[Records for processing — start]

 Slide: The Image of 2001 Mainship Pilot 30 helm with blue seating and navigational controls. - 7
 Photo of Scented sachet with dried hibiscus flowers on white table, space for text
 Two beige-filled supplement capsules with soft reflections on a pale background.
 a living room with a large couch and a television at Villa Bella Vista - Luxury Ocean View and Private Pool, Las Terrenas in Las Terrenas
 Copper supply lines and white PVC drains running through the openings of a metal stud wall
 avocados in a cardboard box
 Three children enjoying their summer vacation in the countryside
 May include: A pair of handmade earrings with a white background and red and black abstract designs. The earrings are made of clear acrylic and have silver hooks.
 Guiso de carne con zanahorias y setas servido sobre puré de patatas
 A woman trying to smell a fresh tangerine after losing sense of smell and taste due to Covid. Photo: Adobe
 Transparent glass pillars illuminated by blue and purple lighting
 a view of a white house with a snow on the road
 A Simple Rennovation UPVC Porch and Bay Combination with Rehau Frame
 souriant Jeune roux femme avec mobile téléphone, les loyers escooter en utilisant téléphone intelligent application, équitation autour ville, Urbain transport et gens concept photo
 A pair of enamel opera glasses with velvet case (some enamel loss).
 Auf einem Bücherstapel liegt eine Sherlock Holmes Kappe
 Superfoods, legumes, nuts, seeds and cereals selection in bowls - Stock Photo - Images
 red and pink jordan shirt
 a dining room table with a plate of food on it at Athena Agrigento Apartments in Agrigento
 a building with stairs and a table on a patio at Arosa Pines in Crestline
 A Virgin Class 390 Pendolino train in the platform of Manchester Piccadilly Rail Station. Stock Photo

[Records for processing — finish]

# What you need to do
A reply that repeats all the data exactly is required.

# Output of the exercise
 Slide: The Image of 2001 Mainship Pilot 30 helm with blue seating and navigational controls. - 7
 Photo of Scented sachet with dried hibiscus flowers on white table, space for text
 Two beige-filled supplement capsules with soft reflections on a pale background.
 a living room with a large couch and a television at Villa Bella Vista - Luxury Ocean View and Private Pool, Las Terrenas in Las Terrenas
 Copper supply lines and white PVC drains running through the openings of a metal stud wall
 avocados in a cardboard box
 Three children enjoying their summer vacation in the countryside
 May include: A pair of handmade earrings with a white background and red and black abstract designs. The earrings are made of clear acrylic and have silver hooks.
 Guiso de carne con zanahorias y setas servido sobre puré de patatas
 A woman trying to smell a fresh tangerine after losing sense of smell and taste due to Covid. Photo: Adobe
 Transparent glass pillars illuminated by blue and purple lighting
 a view of a white house with a snow on the road
 A Simple Rennovation UPVC Porch and Bay Combination with Rehau Frame
 souriant Jeune roux femme avec mobile téléphone, les loyers escooter en utilisant téléphone intelligent application, équitation autour ville, Urbain transport et gens concept photo
 A pair of enamel opera glasses with velvet case (some enamel loss).
 Auf einem Bücherstapel liegt eine Sherlock Holmes Kappe
 Superfoods, legumes, nuts, seeds and cereals selection in bowls - Stock Photo - Images
 red and pink jordan shirt
 a dining room table with a plate of food on it at Athena Agrigento Apartments in Agrigento
 a building with stairs and a table on a patio at Arosa Pines in Crestline
 A Virgin Class 390 Pendolino train in the platform of Manchester Piccadilly Rail Station. Stock Photo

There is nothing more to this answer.